А между тем этот самый левый башмак этого самого Билла тычется мне в бок. Я поднимаю голову.

Дуло винтовки ещё дымится. Таки да, это АR-15. Видел я такие в кино.

Мой сосед своим одним глазом смотрит на меня. А я, своими двумя, прощаясь с жизнью, смотрю на него…

И тут…

Он протягивает мне руку. Помогает встать:

— You are a cool dude! (Ты клёвый чувак!) — говорит он, улыбаясь, — A cool dude! Я давно не встречал такого приличного человека, — он отряхивает мои плечи от штукатурки, во время стрельбы насыпавшейся с потолка, подмигивает и выдаёт сентенцию:

— Be careful with patient people. When they run out of patience, they burn not ships. Ports! («Будьте осторожны с терпеливыми людьми. Когда у них заканчивается терпение, они же сжигают порты, а не корабли»)
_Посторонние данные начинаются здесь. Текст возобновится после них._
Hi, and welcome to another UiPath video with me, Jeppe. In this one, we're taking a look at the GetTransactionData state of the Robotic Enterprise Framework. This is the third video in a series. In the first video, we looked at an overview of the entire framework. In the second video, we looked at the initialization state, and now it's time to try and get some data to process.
Затем сосед, не спеша, кладёт винтовку в сумку, затягивает молнию, вскидывает сумку на плечо и исчезает в дверях.

Минут через пятнадцать завоют, подлетая, полицейские машины, но Бешеного Билла и след простыл.
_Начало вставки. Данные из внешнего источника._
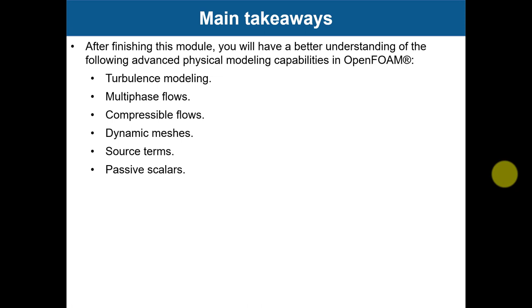Turbulence modeling, multiphase flows, compressible flows, dynamic meshes, source terms, and passive scalars.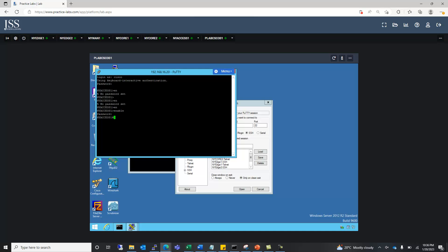After entering the password we are in privilege mode. This is how we configure basic access to the switch or router. The same configuration can be applied to a router as well. Thank you.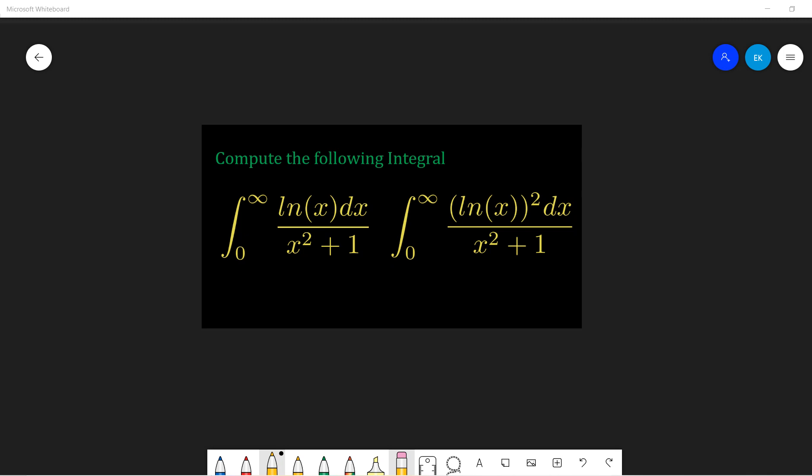Okay, welcome guys. So this video, let's talk about these two complex integrations. This is probably the final few of the complex analysis and contour examples, because we already talked a lot. The channel should go to other topics, but I still think that these two are interesting, so let's still do it.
--------------------------

Две недели со мной беседовали в полиции. Всё хотели узнать — не приятель ли я Биллу. Потом, наконец-то, оставили в покое. Даже извинились.

И тут…

Же! Же! Же! Меня чудом разыскал сокурсник по университету, Слава Г. Да что там разыскал. Вцепился так, что даже оплатил мне перелёт сюда, в Силиконовую долину, и проживание на первые полгода. Поручился за меня в Google, где он тогда уже работал. Меня взяли! Потом было несколько удачных проектов. И теперь, спустя пятнадцать лет, я владею уважаемой здесь фирмой. А мой друг Слава Г. в ней вице-президент. У меня дом, чудная жена и пара звонких мальчишек. Я же cool dude!
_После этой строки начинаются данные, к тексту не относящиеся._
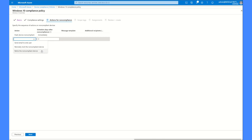Send an email — अगर आपका device compliant नहीं होगा, तो आपको एक email आएगा आपके email ID पे कि आपका device compliant नहीं है, please compliant कर लीजिए। Remotely lock — आपका device lock हो जाएगा, लेकिन दोबारा password डालके आप अंदर जा सकते हो। Retire the non-compliant device — मतलब आपका device जो Intune में enroll किया था, वो retire हो जाएगा, enrollment process खतम। आपको दोबारा re-enroll करना पड़ेगा, क्योंकि अगर आपका device not-compliant state में है तो वो आपके पूरे network के लिए एक danger है।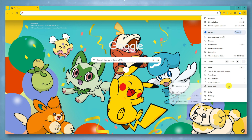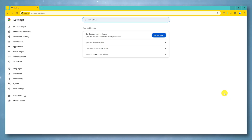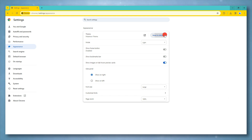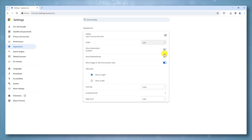Hover over Settings in the menu, and then click on Appearance. In the Themes option, click on Reset to Default button to revert to the default Chrome theme.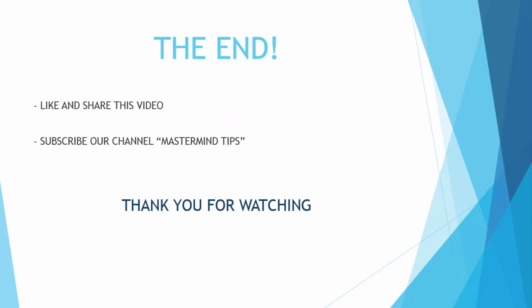So that's the end. Please like and share this video and I hope you liked all the facts which I just told you. So please subscribe our channel Mastermind Tips and thank you for watching.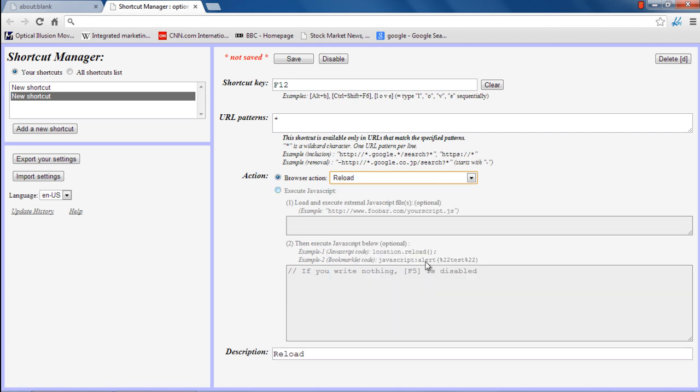Once done, click on the Save button on top. And that's it. Now whenever we want to refresh the page, we will use F12 instead of F5, which was the shortcut key by default.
Да, если вдруг кого интересует… Рыжий Юра-одессит всего полгода терпел разговоры про своё ничтожество. А потом выпер девушку. А может просто сменил её на очередную эмигрантку. Помоложе и без прицепа в виде детишек. Так что дочек я забрал к себе сразу. Сейчас они оканчивают Стэнфорд. А бывшая жена? Да живёт в соседнем городке. Boyfriend у неё американец, настоящий redneck («Красношеий» — жаргонное название жителей сельской глубинки США).  Плотник. По субботам пьёт пиво и «учит её жизни». Да так… Приходится мне, правоверному еврею, нарушая святость Шабата, брать телефон, выслушивать вопли, ездить и укрощать обоих.

Что до Бешеного Билла… Он, оказывается, ветеран войны во Вьетнаме. Обиженный ветеран! Помнится, в новостях… Месяца три спустя после моей с ним встречи, где-то уже в штате Аризона, на очередную его «партию на барабане» полиция успела. Окружили, Предложили сдаться. Он застрелился.

Да, и ещё… У меня в кабинете стоит небольшой барабан. И изредка я балуюсь.

—Тади-тади-ди-та".

Но никогда не довожу до presto. Сбиваю синкопами.